Llama Stack Integration Tests

We use pytest for parameterizing and running tests. You can see all options with:

cd tests/integration

# this will show a long list of options, look for "Custom options:"
pytest --help

Here are the most important options:

  • --stack-config: specify the stack config to use. You have four ways to point to a stack:
    • server:<config> - automatically start a server with the given config (e.g., server:fireworks). This provides one-step testing by auto-starting the server if the port is available, or reusing an existing server if already running.
    • server:<config>:<port> - same as above but with a custom port (e.g., server:together:8322)
    • a URL which points to a Llama Stack distribution server
    • a template (e.g., starter) or a path to a run.yaml file
    • a comma-separated list of api=provider pairs, e.g. inference=fireworks,safety=llama-guard,agents=meta-reference. This is most useful for testing a single API surface.
  • --env: set environment variables, e.g. --env KEY=value. this is a utility option to set environment variables required by various providers.

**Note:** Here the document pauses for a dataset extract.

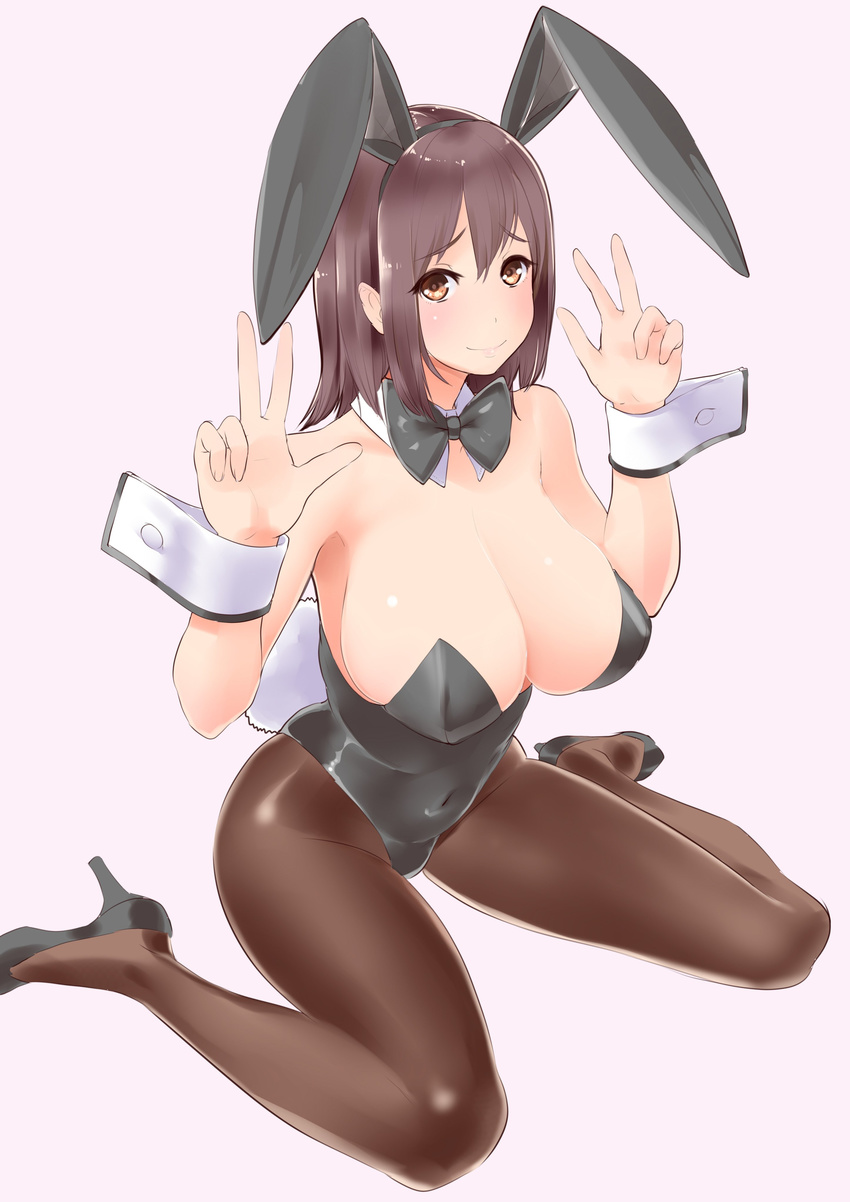 absurdres animal_ears bare_shoulders blush bow bowtie breasts brown_eyes brown_hair brown_legwear bunny_ears bunny_girl bunny_tail bunnysuit character_request covered_navel detached_collar double_v fake_animal_ears high_heels highres large_breasts leotard pantyhose short_hair simple_background sitting smile solo tail ueda_torini v wariza wrist_cuffs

Model parameters can be influenced by the following options:

  • --text-model: comma-separated list of text models.
  • --vision-model: comma-separated list of vision models.
  • --embedding-model: comma-separated list of embedding models.
  • --safety-shield: comma-separated list of safety shields.
  • --judge-model: comma-separated list of judge models.
  • --embedding-dimension: output dimensionality of the embedding model to use for testing. Default: 384

Each of these are comma-separated lists and can be used to generate multiple parameter combinations. Note that tests will be skipped if no model is specified.

Examples

Testing against a Server

Run all text inference tests by auto-starting a server with the fireworks config:

pytest -s -v tests/integration/inference/test_text_inference.py \
   --stack-config=server:fireworks \
   --text-model=meta-llama/Llama-3.1-8B-Instruct

Run tests with auto-server startup on a custom port:

pytest -s -v tests/integration/inference/ \
   --stack-config=server:together:8322 \
   --text-model=meta-llama/Llama-3.1-8B-Instruct

Run multiple test suites with auto-server (eliminates manual server management):

# Auto-start server and run all integration tests
export FIREWORKS_API_KEY=<your_key>

pytest -s -v tests/integration/inference/ tests/integration/safety/ tests/integration/agents/ \
   --stack-config=server:fireworks \
   --text-model=meta-llama/Llama-3.1-8B-Instruct

Testing with Library Client

Run all text inference tests with the starter distribution using the together provider:

ENABLE_TOGETHER=together pytest -s -v tests/integration/inference/test_text_inference.py \
   --stack-config=starter \
   --text-model=meta-llama/Llama-3.1-8B-Instruct

Run all text inference tests with the starter distribution using the together provider and meta-llama/Llama-3.1-8B-Instruct:

ENABLE_TOGETHER=together pytest -s -v tests/integration/inference/test_text_inference.py \
   --stack-config=starter \
   --text-model=meta-llama/Llama-3.1-8B-Instruct

Running all inference tests for a number of models using the together provider:

TEXT_MODELS=meta-llama/Llama-3.1-8B-Instruct,meta-llama/Llama-3.1-70B-Instruct
VISION_MODELS=meta-llama/Llama-3.2-11B-Vision-Instruct
EMBEDDING_MODELS=all-MiniLM-L6-v2
ENABLE_TOGETHER=together
export TOGETHER_API_KEY=<together_api_key>

pytest -s -v tests/integration/inference/ \
   --stack-config=together \
   --text-model=$TEXT_MODELS \
   --vision-model=$VISION_MODELS \
   --embedding-model=$EMBEDDING_MODELS

Same thing but instead of using the distribution, use an adhoc stack with just one provider (fireworks for inference):

export FIREWORKS_API_KEY=<fireworks_api_key>

pytest -s -v tests/integration/inference/ \
   --stack-config=inference=fireworks \
   --text-model=$TEXT_MODELS \
   --vision-model=$VISION_MODELS \
   --embedding-model=$EMBEDDING_MODELS

Running Vector IO tests for a number of embedding models:

EMBEDDING_MODELS=all-MiniLM-L6-v2

pytest -s -v tests/integration/vector_io/ \
   --stack-config=inference=sentence-transformers,vector_io=sqlite-vec \
   --embedding-model=$EMBEDDING_MODELS